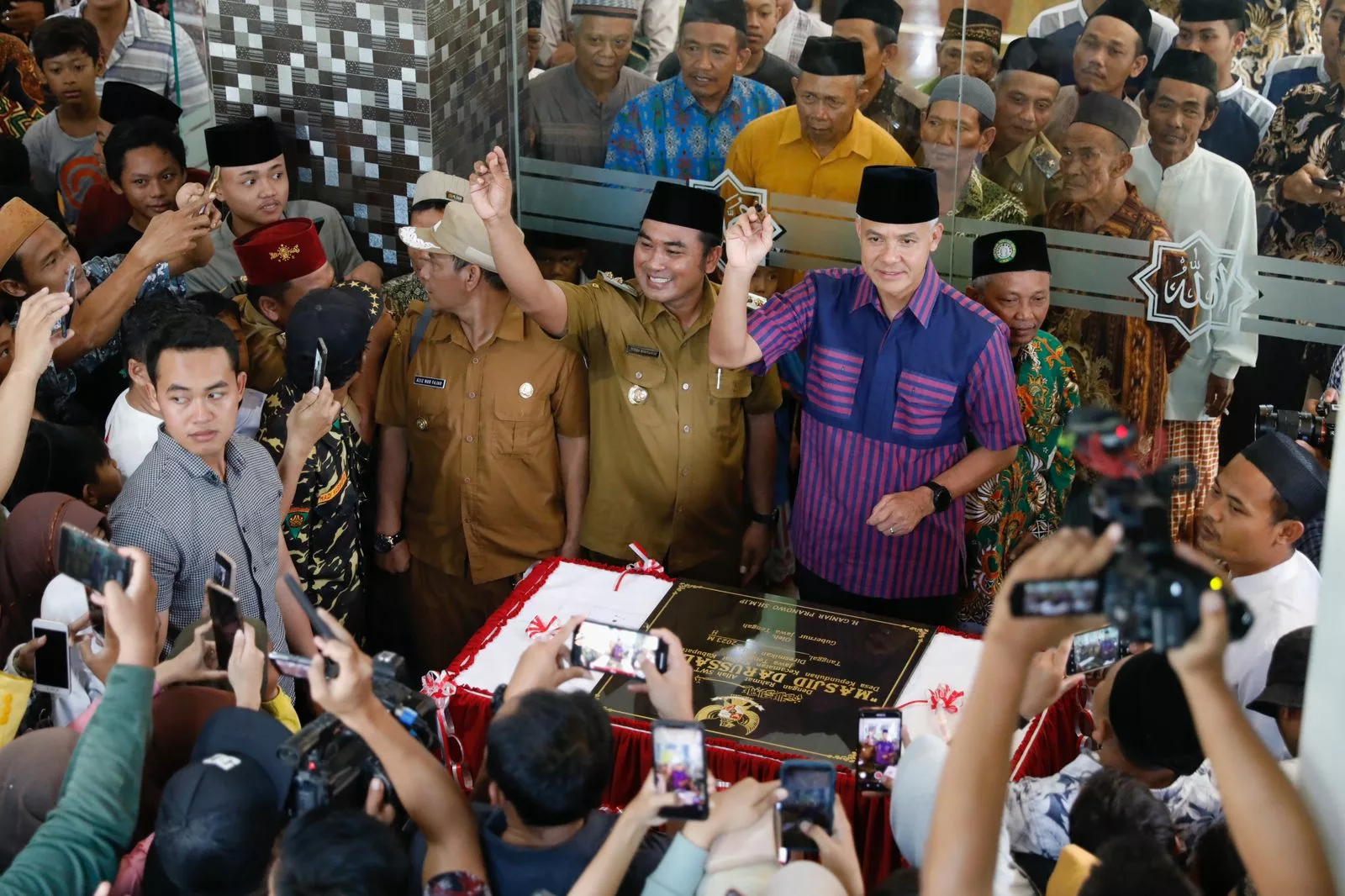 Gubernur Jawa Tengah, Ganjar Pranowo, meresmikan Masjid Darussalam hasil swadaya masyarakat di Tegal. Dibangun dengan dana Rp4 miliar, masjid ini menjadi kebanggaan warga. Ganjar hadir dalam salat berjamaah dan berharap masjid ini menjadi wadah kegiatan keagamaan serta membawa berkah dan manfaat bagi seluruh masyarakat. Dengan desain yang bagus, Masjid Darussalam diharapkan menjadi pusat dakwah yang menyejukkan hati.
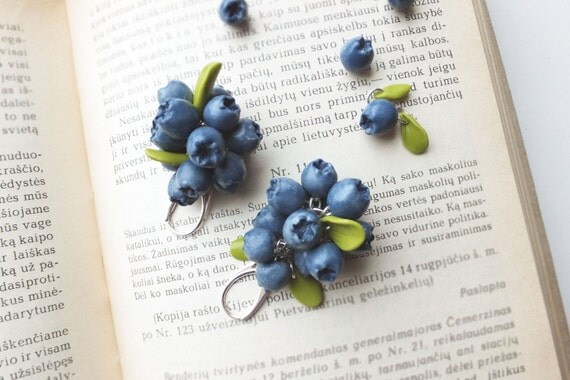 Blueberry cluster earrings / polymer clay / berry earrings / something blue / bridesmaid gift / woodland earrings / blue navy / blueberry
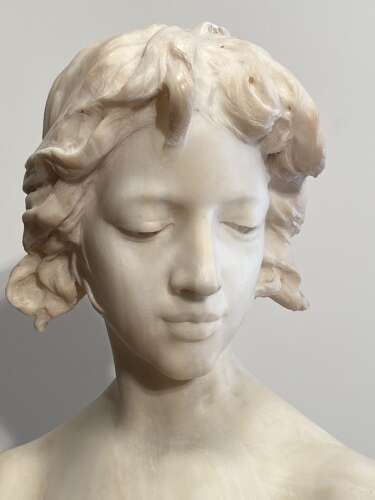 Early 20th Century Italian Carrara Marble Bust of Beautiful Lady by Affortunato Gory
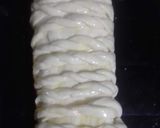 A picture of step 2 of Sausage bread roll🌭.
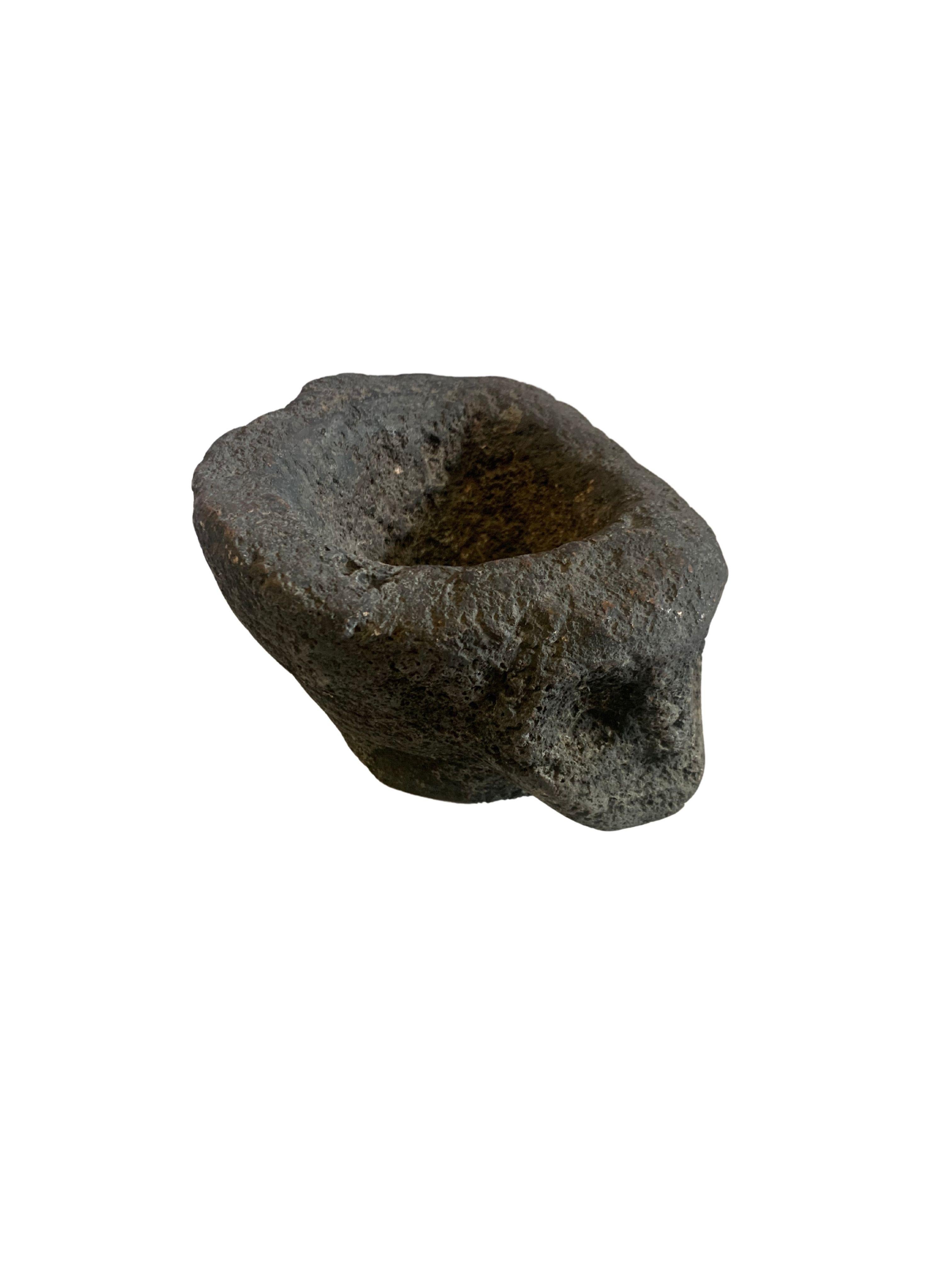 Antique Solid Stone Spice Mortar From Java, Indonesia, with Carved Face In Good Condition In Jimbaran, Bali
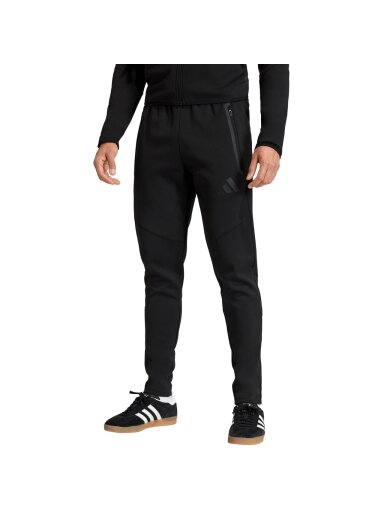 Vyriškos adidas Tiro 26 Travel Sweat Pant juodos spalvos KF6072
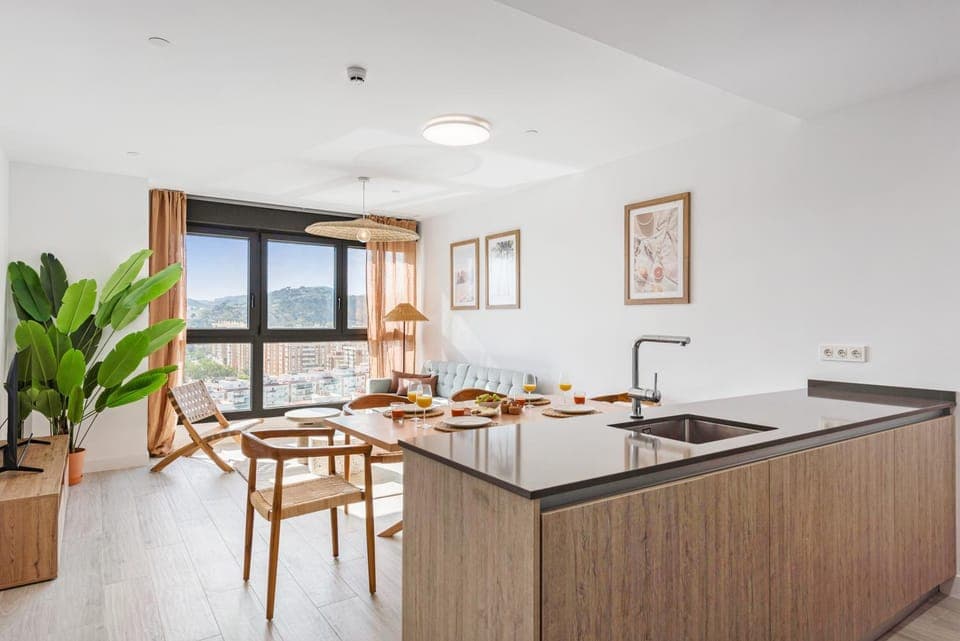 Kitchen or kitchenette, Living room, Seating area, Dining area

Action item
Only the lines from the one containing "Antique Solid Stone" through the end of the records above should be retyped, exactly as they stand, with any pictures left out.

Exercise result
 Antique Solid Stone Spice Mortar From Java, Indonesia, with Carved Face In Good Condition In Jimbaran, Bali
 Vyriškos adidas Tiro 26 Travel Sweat Pant juodos spalvos KF6072
 Kitchen or kitchenette, Living room, Seating area, Dining area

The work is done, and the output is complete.